As we’ve seen all over the news, BHS is the latest major British firm to collapse with massive pension burdens. As such, MPs are due to grill BHS owner for 15 years, Sir Philip Green next week regarding the situation.
In addition, a possible legal challenge is looming to the unprecedented move from the RPI inflation index to the lower CPI measure for Tata Steel members’ future pension increases.
The greatly publicised troubles encompassing the BHS and Tata Steel pensions should, therefore, set off a warning signal to people with UK defined benefit pension schemes.
Looking at the Tata Steel example, this emphasises what we’ve been hammering home for some time: that a large number of the laws surrounding DB pension providers are archaic, and fall well short of an acceptable standard. As is, they are not at all relevant in today’s world.
However, regrettably, the myth that final salary schemes are guaranteed is alive and kicking.
Over 50 per cent of new or potential clients don’t fully appreciate how the pension deficit crisis could result in life-shattering financial consequences for their retirement.
It is very much a reality that many final salary schemes are on the edge of an abyss. This is because many firms cannot afford to uphold these expensive schemes with defined-benefits retirement packages that have pensions linked to their earnings and employment.
Put simply, there’s insufficient cash in their pension pots to meet future obligations. Too many schemes have now become untenable.
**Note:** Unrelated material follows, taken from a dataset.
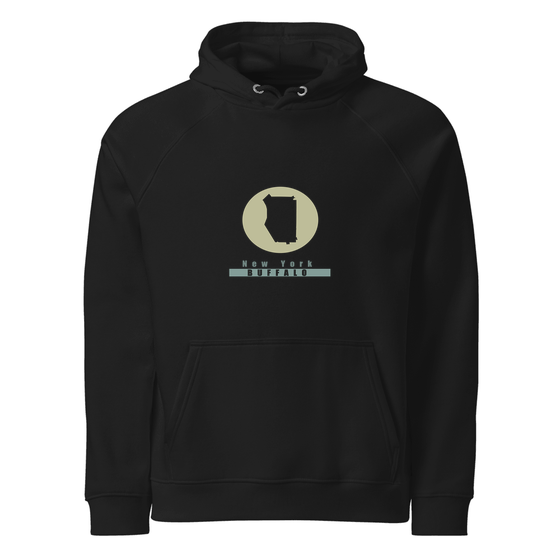 Buffalo Hoodie with Minimal Moon design (Black)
Furthermore, it is highly improbable that there will be a colossal step forward away from the abyss for a high number of these schemes.
Indeed, there is the Pension Protection Fund, the State-backed rescue fund – but this is not guaranteed by the government, and the level of benefits payable by the PPF are typically far lower than what savers would expect to get from their company’s scheme.
In addition, it is firms’ responsibility to fund the PPF, thereby piling more pressure on their own scheme.
Consequently, as the pensions black hole increases further, as shown most recently by the BHS and Tata Steel cases, those with final salary schemes should seek independent financial advice on how they might be able to mitigate the risks that their scheme could face.
Of course, there are, typically, things that can be done, but I would strongly advise individuals to review their retirement planning as soon as possible.
After all, it’s far better to get the difficult questions out of the way now, than be forced to scale down retirement ambitions down the line.